The Randmeer is a medium size sailing boat designed by E. G. van de Stadt. In the Netherlands it is often used for One-Design sailing races. Developed in the 1960s it was made especially for sailing on the so-called randmeren; narrow shallow lakes that surround the newly created Flevopolders. This makes the boat perfect for rough but shallow waters.

== Size ==
The Randmeer is 6.50 meters long and 2.10 meters wide. The hull weighs 500 kilograms. The draft can vary, depending on whether it has a centreboard, between 0.55 and 1.15 meters. The mainsail has a surface area of 11.4 m^{2}, the jib has a surface area of 7.7 m^{2}. The 'Touring' type has a jib of 5.6 m^{2}. In addition it can be sailed with a spinnaker of 19.5 m^{2}. All boats are produced at the shipyard in Heeg, Friesland, The Netherlands.

== Types ==
Within the Randmeer class there are three types: the Classic; the Advance; and the Touring. The Classic, as can inferred from the name, is the original design that dates back to 1964. The Classic has a kielmidzwaard, a combination of a not-too-long keel with a retractable centreboard inside it. This means that its draft can vary between 0.55 and 1.15 meters.

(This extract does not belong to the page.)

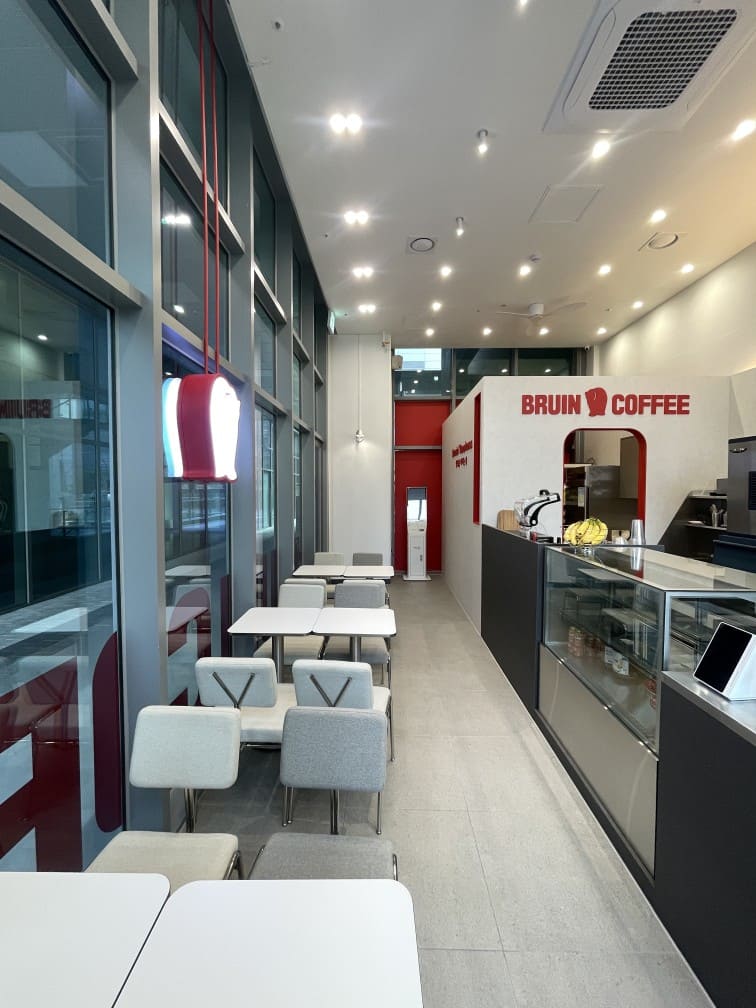 Bruin Coffee 카페 전체 에이맷 스튜디오 인테리어 시공 사례, 화이트 모던 인테리어와 창뷰 좌석의 실내 전경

The most obvious difference between the Classic and the Advance is that the Advance cabin floor is higher. Due to this shallower cabin the Advance is completely self-baling. Moreover, except for the rudder, all wood has disappeared from the design. Similar to the Classic the Advance has a kielmidzwaard.

The Touring type is made for recreational use only. The hull is almost the same as the Advance, but it has a fixed keel, with a total draft of 0.75 meters. In addition, this ship has a pierced rudder; i.e. it goes through the hull instead of being hung behind it. This means that the Touring type does not comply with the One-Class design.

Van de Stadt also designed a version with a cabin: the Trotter. This has later been developed into the Trotter Pandora, often built in England.